Former President Donald J. Trump sought to head off the major speech Vice President Kamala Harris was planning to deliver Tuesday night by casting her as responsible for all of the nation’s ills while also attempting to draw attention away from bigoted and racist remarks at his rally in New York.

Two days after he hosted a rally at Madison Square Garden where several speakers made racist and vulgar statements, Mr. Trump accused Ms. Harris of running “a campaign of absolute hate.”

Mr. Trump then headed to Pennsylvania, a crucial battleground state, for two campaign stops. Ms. Harris is expected to speak at the Ellipse, the same park near the White House where Mr. Trump marshaled his supporters to descend on the Capitol on Jan. 6, 2021. The setting for Ms. Harris’s remarks will provide her campaign with a symbolic moment to go along with its increasingly blunt warnings about the dangers posed by Mr. Trump, who Democrats say is unstable and will run roughshod over democratic norms if he returns to the White House.

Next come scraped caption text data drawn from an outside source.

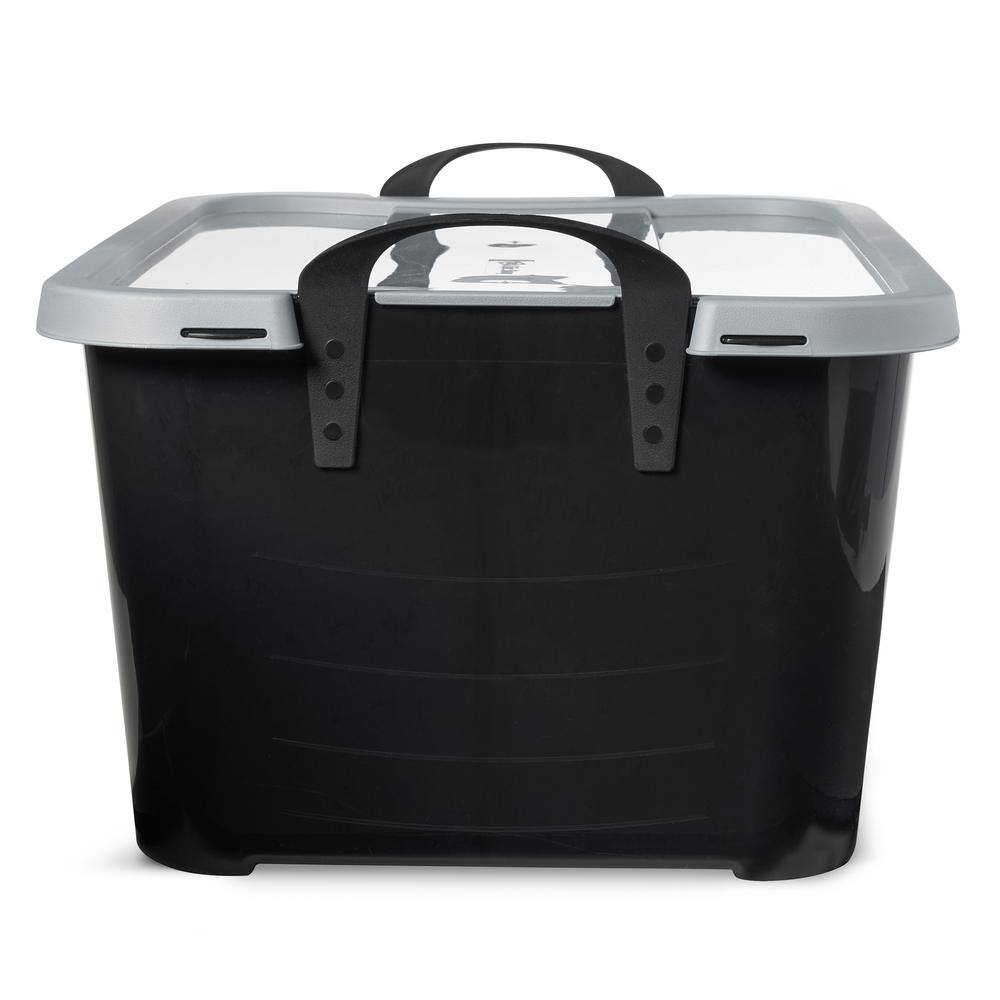 Black and Gray Stackable Plastic Lidded Storage Box for Kids, 55 Quart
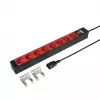 EFB Elektronik EK631CD.1V2 19 inch 1U Rackmount-PDU, 8 x CEE 7/3 rote Ausgänge, IEC C14-Eingang, 10 A Überlastschutz, Schwarz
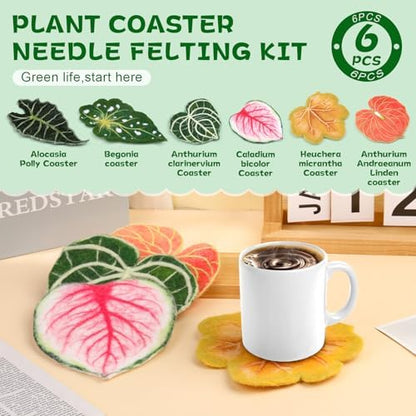 OEHPICC Needle Felting Kit, 6 Pcs Leaf Coasters Needle Felting Starter Kit - Image 6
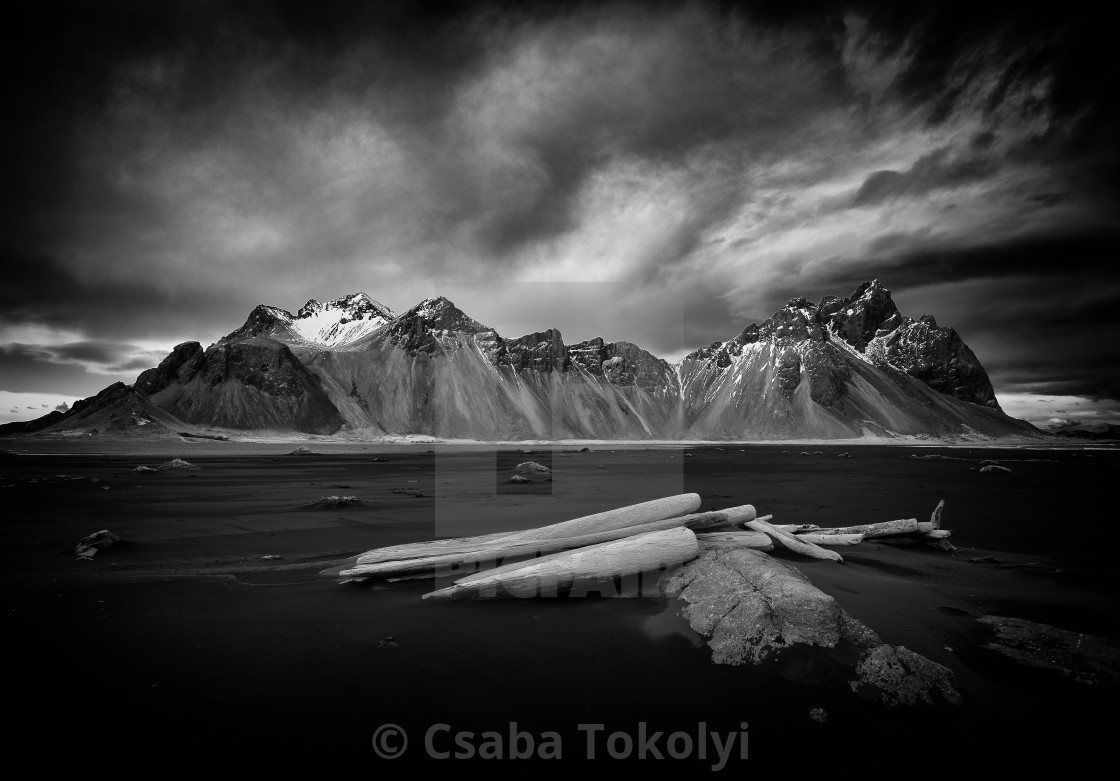 "Logs and the Vesturhorn" stock image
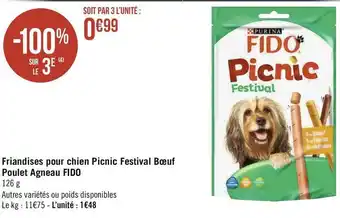 Géant Casino Fido friandises pour chien picnic festival bœuf poulet agneau offre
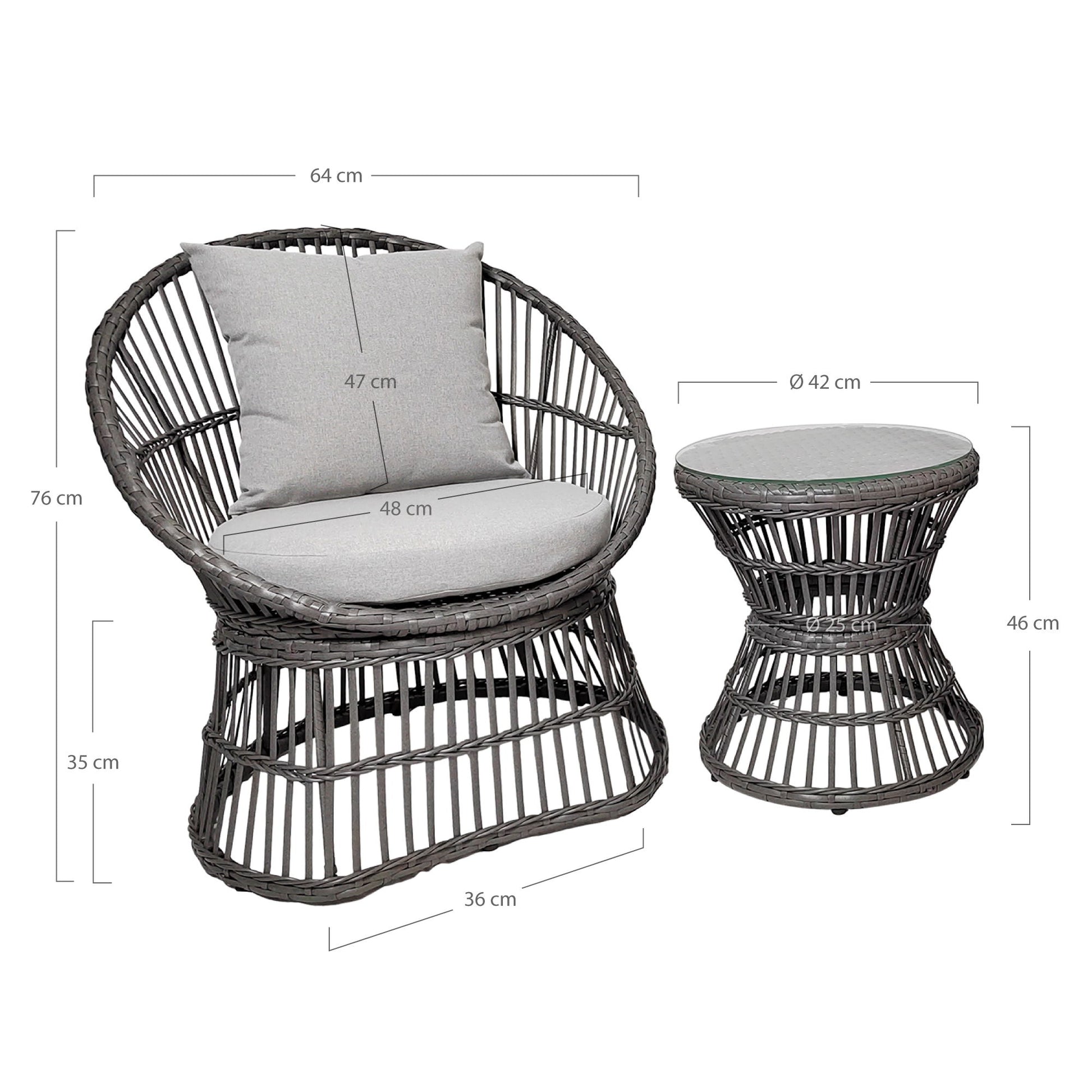 House Nordic - Natal Loungesæt, polyrattan, grå, inkl. hynder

Mr. Trump’s allies have shown anxiety that the backlash to the Madison Square Garden event, and descriptions of him as a racist and a fascist, may be breaking through to segments of voters in battleground states. On Tuesday, however, the former president sought to attack Ms. Harris with the very accusations he himself has been facing, telling a group of supporters and reporters at his Mar-a-Lago club in Florida that her message “has been a message of hate and division.”

In his remarks, Mr. Trump continued to push back against criticisms of his rally — which he called, unprompted, “an absolute love fest” — mocking Democrats who have pointed out that a pro-Nazi rally was held at Madison Square Garden in 1939.

Election Day is one week from today. Here’s what else to know:

  • Madison Square Garden rally fallout: Republicans moved swiftly to distance themselves from remarks disparaging Puerto Rico made by the comedian Tony Hinchcliffe, who was one of the opening speakers at Mr. Trump’s New York rally. The island’s Republican Party chairman is demanding an apology, and the Puerto Rican rapper Bad Bunny stepped up his condemnation of the remarks on Tuesday.
  • Hinting at a vulgar taunt: An ad from Elon Musk’s PAC refers to Ms. Harris as a “C Word” — eventually calling her a “communist” — in an allusion to an insult against women that is one of the most obscene words in American English.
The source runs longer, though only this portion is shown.